2. Working reproducible¶

2.1. What is the problem?¶

The current norm, when publishing your research manuscript does, for the most part, not require you to submit a detailed analysis protocol to the journal. This is true for experimental as well as computational work. This inhibits anyone (including the original authors) to reproduce the exact analysis steps that were performed using only the information contained within the journal article. Hence, deriving at the same results as the original study is based on luck, and for the most parts currently impossible.

While experimentalists, generally speaking, take care of recording their analyses in lab notebooks, these are by no means publicly available and often buried somewhere in the lab facility and often lost. The situation is worse in computational research, where lab notebooks are not the norm, and analyses are often done “as you go”. This situation seems strange, as on the computational side one would expect that keeping score of the steps involved in an analysis should be easier.

2.2. How to tackle this problem?¶

In this tutorial we are dealing with the computational side of things.
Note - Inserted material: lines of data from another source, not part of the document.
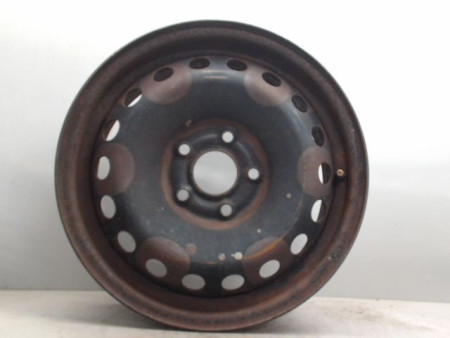 JANTE TOLE RENAULT KANGOO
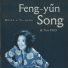 Feng-yün Song, Trio PUO
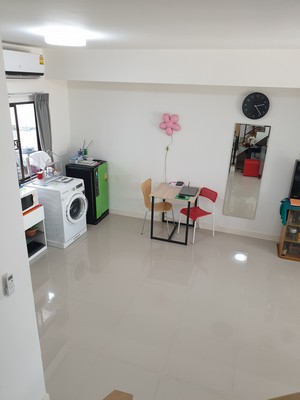 ประกาศฟรี! ซื้อ-ขาย-เช่า คอนโด บ้าน ทาวน์โฮม ที่ดิน และพื้นที่เชิงพาณิชย์ทั่วประเทศไทย ทุกทำเล ทุกงบประมาณ ไม่มีค่าใช้จ่าย ลงง่าย ขายไว เข้าถึงผู้ซื้อโดยตรง 2 520132pic1.jpg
We will focus on using a set of tools that helps us developing analyses workflows that are reproducible, or at least as close as possible to being reproducible. The tools here are by no means the only ones and many other are available to help you in the task of keeping score of what you have done.

Our approach for getting a reproducible analysis in place will require:

Keeping track of the used tools and their versions. (addressed in Tool and package management)
Keeping track of the commands used to analyse the data, including tool parameters. (addressed in Creating analysis workflows)
Publishing & versioning the workflow information, as to keep track of when workflows change and what changes occurred. (addressed in Creating analysis workflows)

2.3. Background reading on reproducibility¶

NIH plans to enhance reproducibility. [COLLINS2014].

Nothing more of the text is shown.